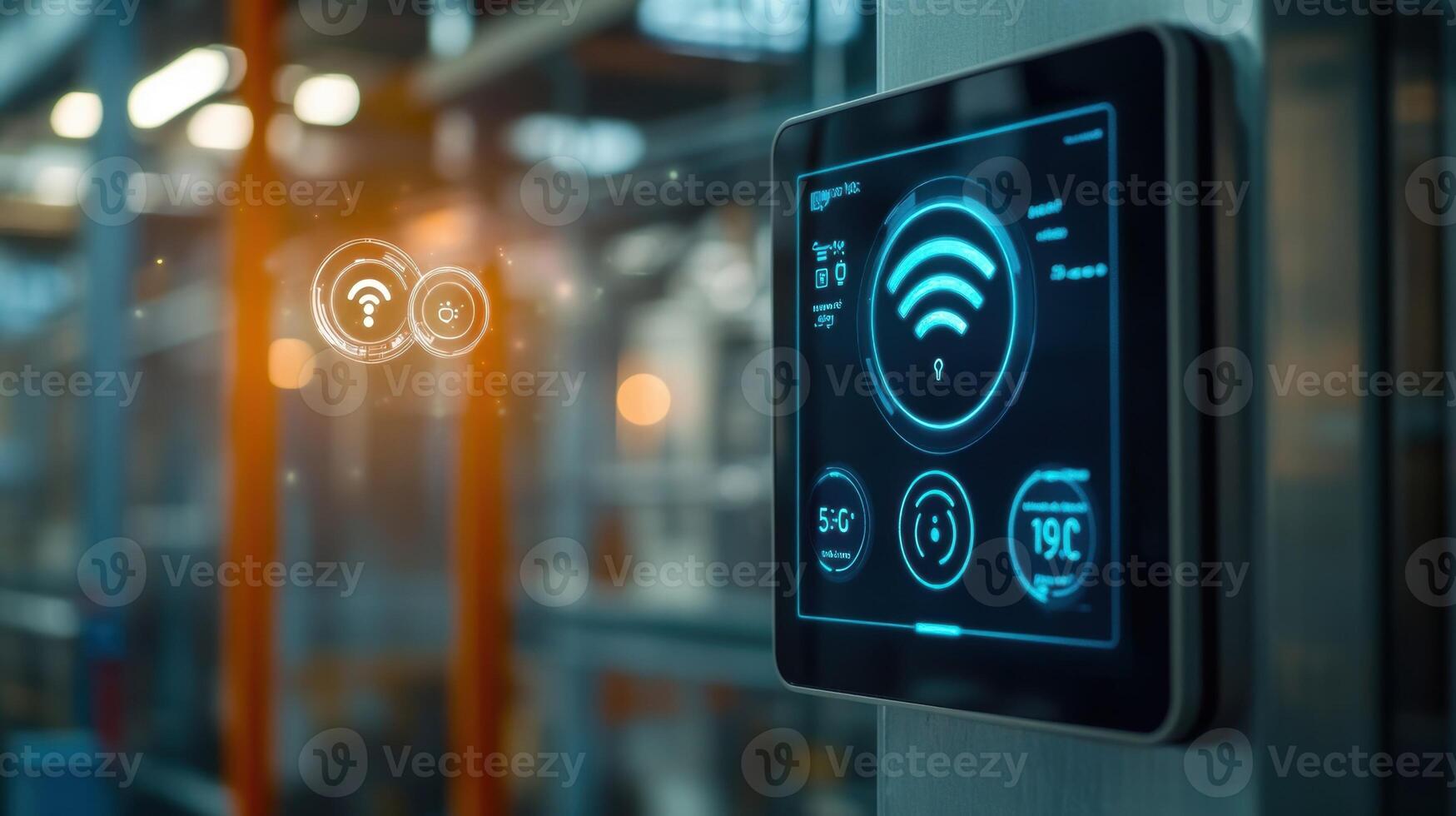 Smart factory control panel monitoring temperature, humidity and wireless connection photo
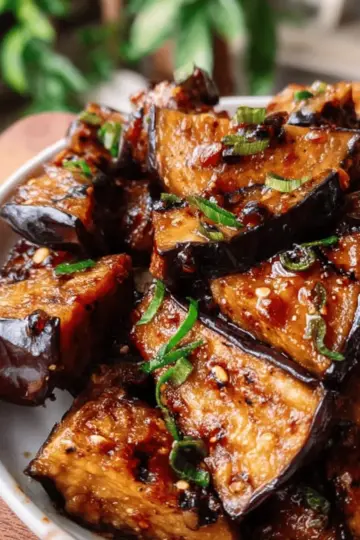 Sticky Garlic Eggplant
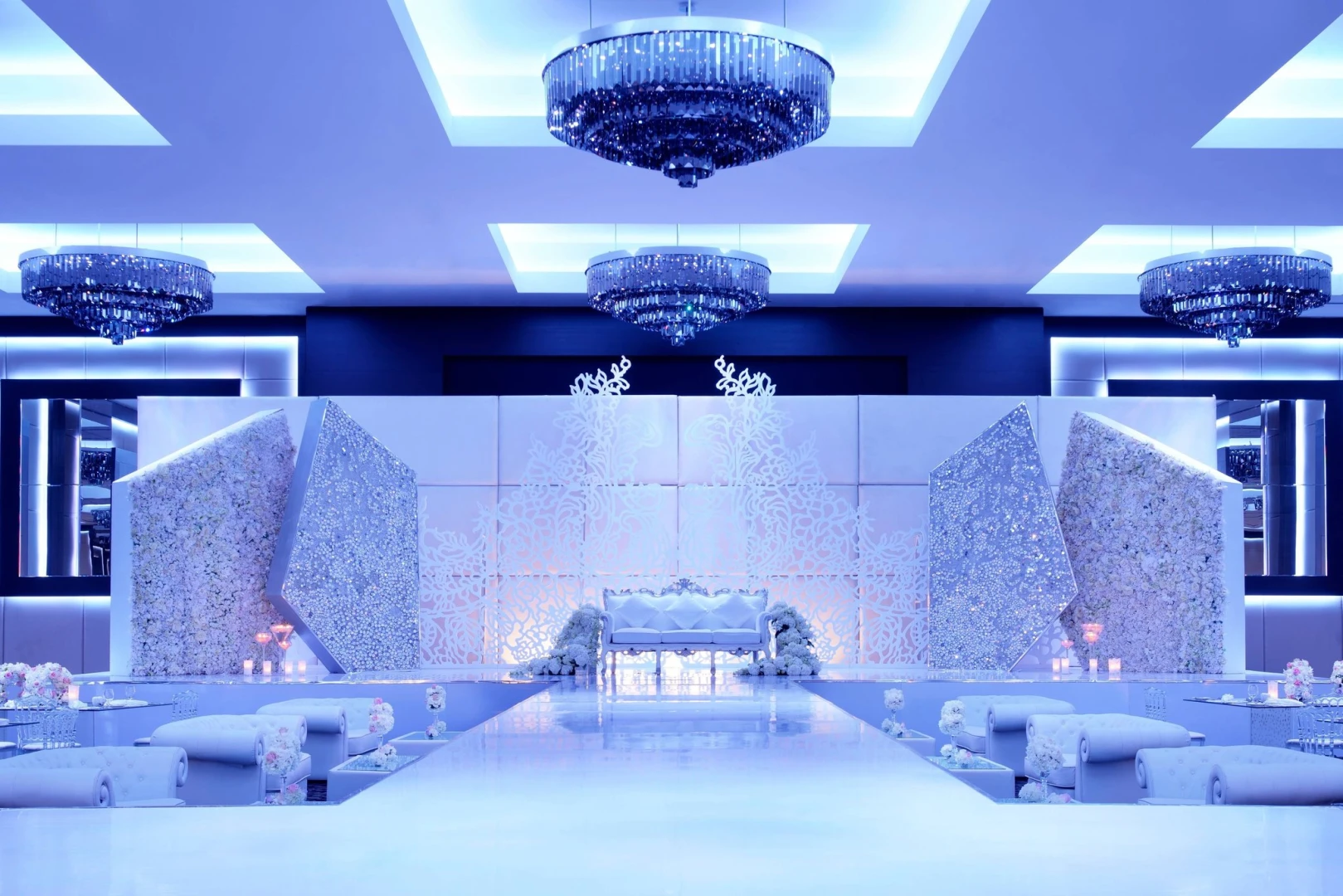 Elegant wedding setup at JW Marriott Marquis Hotel Dubai.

- Problem description -
Please output the entire listing above verbatim and omit its images.

- Task solution -
 Smart factory control panel monitoring temperature, humidity and wireless connection photo
 Sticky Garlic Eggplant
 Elegant wedding setup at JW Marriott Marquis Hotel Dubai.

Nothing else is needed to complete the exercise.